Dealing with the Difficult Solutions for Problem Residents

Dealing with the Difficult

As an attorney and an apartment dweller, Michelle Freudenberger has seen it all when it comes to living with difficult residents.

    “I lived next door to twin toddlers whose parents were both attorneys,” says Freudenberger, principal attorney for the Law Offices of Michelle Freudenberger in Manhattan and a member of the Association of Real Estate Women (AREW). “They took turns sleeping late and brought the kids to the kitchen early. Every morning, one child screeched at the crack of dawn.”

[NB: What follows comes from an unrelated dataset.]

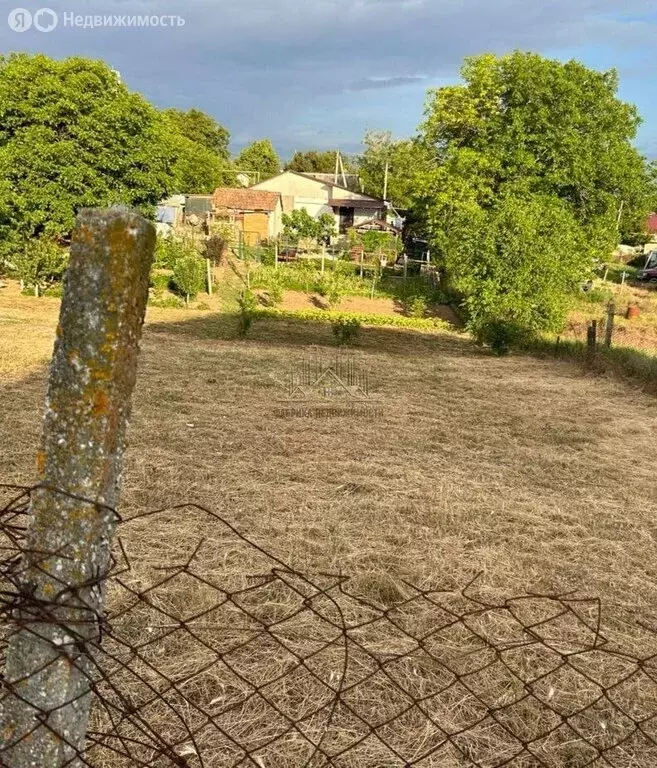 Участок в Пожарское сельское поселение, село Водное (6 м) - Фото 2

Wanting to keep peace, and understanding parenting challenges, she didn’t complain to the neighbors until one morning when she had been suffering with a bout of the flu and finally fell asleep around 4 a.m., only to be awoken once again by a screaming child.

“I was banging on the walls out of desperation, but the father screamed back ‘get used to living in an apartment!’ ” says Freudenberger.

Can’t we all just get along?

The reality is that while most cooperative and condominiums will, at one time or another, have difficult residents—a noisy neighbor, a complaining shareholder, or perhaps a more difficult tenant who habitually breaks the house rules—Freudenberger and others do not have to ‘get used to it.’  There are several steps that should be outlined in the board’s or association’s bylaws, that a resident, management and the board can take to effectively solve the problems of objectionable tenants and ultimately create a positive neighborhood atmosphere throughout the building community.

More than Just Noise

Neighbors can complain about a host of things, but some of the most common complaints from shareholder to shareholder include: excessive noise; smoking; leaving belongings out; stealing laundry; and not locking doors after exiting or entering. However, being a problem tenant is not limited to just troubles with Mr. and Mrs. Jones next door—resident shareholders or unit owners can also cause disruptions among board members.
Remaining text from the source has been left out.